For the data below, retype word for word the lines from the one containing "28.4LB Natural Amethyst" through the one containing "elegant Arab woman, professional"; drop the pictures.

-- INFORMATION SUPPLIED --

————————

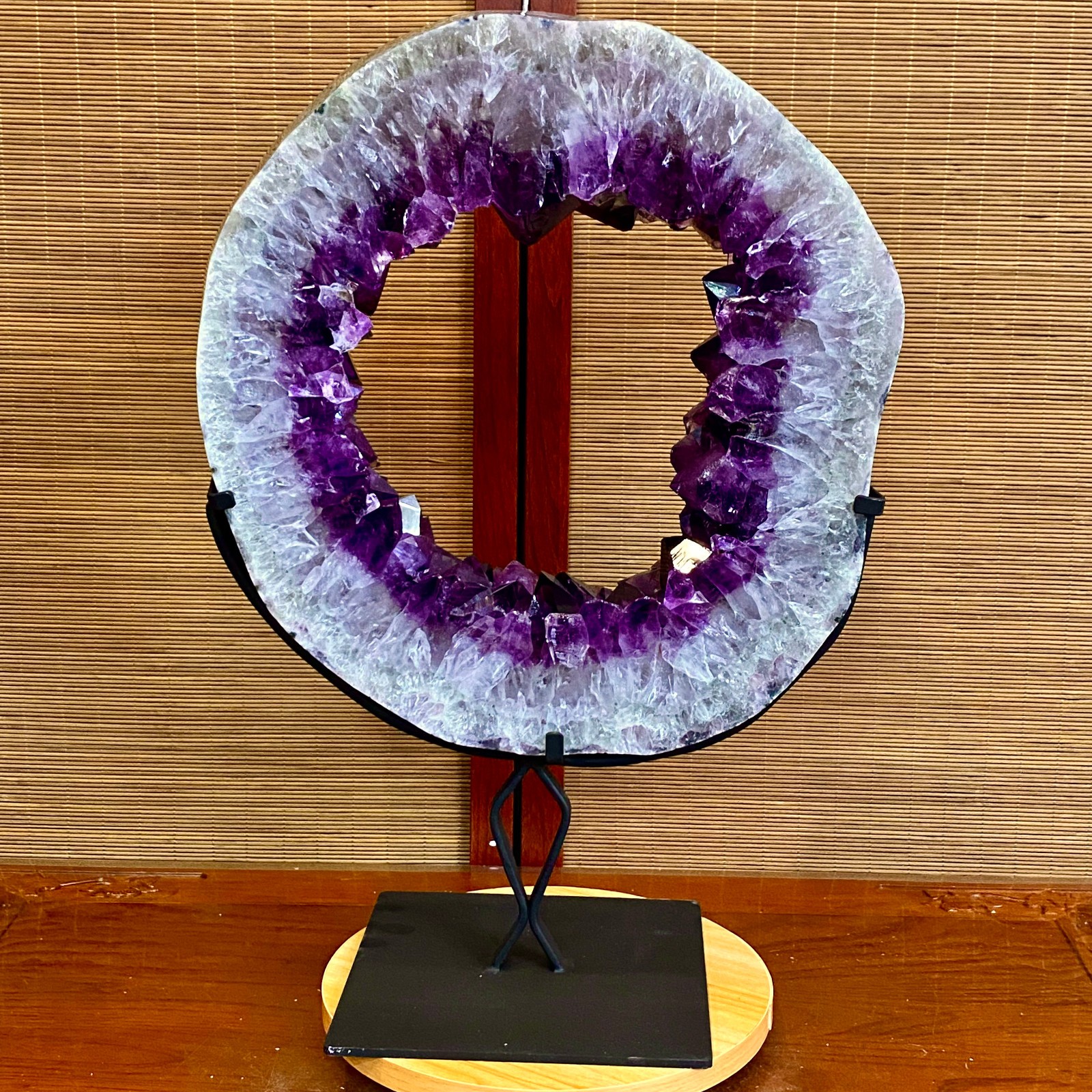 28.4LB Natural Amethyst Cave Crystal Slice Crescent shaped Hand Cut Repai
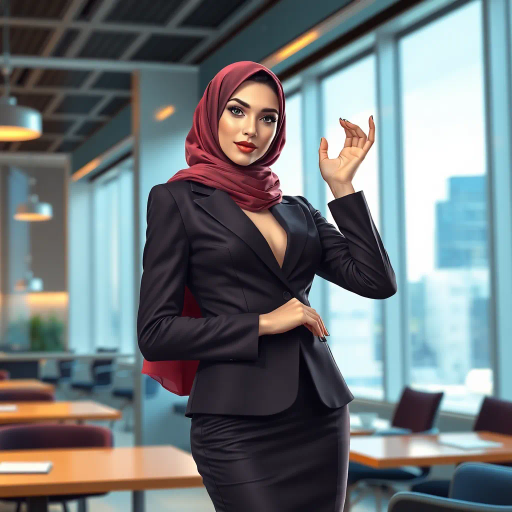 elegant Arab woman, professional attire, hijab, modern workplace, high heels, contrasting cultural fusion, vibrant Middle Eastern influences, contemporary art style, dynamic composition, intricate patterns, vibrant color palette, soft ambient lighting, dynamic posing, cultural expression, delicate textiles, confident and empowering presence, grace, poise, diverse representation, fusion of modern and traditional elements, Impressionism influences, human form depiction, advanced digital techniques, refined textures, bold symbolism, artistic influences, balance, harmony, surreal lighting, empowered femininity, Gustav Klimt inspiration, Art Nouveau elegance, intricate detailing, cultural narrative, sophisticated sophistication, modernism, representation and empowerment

————————

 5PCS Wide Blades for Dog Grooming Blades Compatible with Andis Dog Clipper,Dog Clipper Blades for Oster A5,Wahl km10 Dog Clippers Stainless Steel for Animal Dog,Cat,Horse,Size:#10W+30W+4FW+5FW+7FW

————————

-- WORKED SOLUTION --
 28.4LB Natural Amethyst Cave Crystal Slice Crescent shaped Hand Cut Repai
 elegant Arab woman, professional attire, hijab, modern workplace, high heels, contrasting cultural fusion, vibrant Middle Eastern influences, contemporary art style, dynamic composition, intricate patterns, vibrant color palette, soft ambient lighting, dynamic posing, cultural expression, delicate textiles, confident and empowering presence, grace, poise, diverse representation, fusion of modern and traditional elements, Impressionism influences, human form depiction, advanced digital techniques, refined textures, bold symbolism, artistic influences, balance, harmony, surreal lighting, empowered femininity, Gustav Klimt inspiration, Art Nouveau elegance, intricate detailing, cultural narrative, sophisticated sophistication, modernism, representation and empowerment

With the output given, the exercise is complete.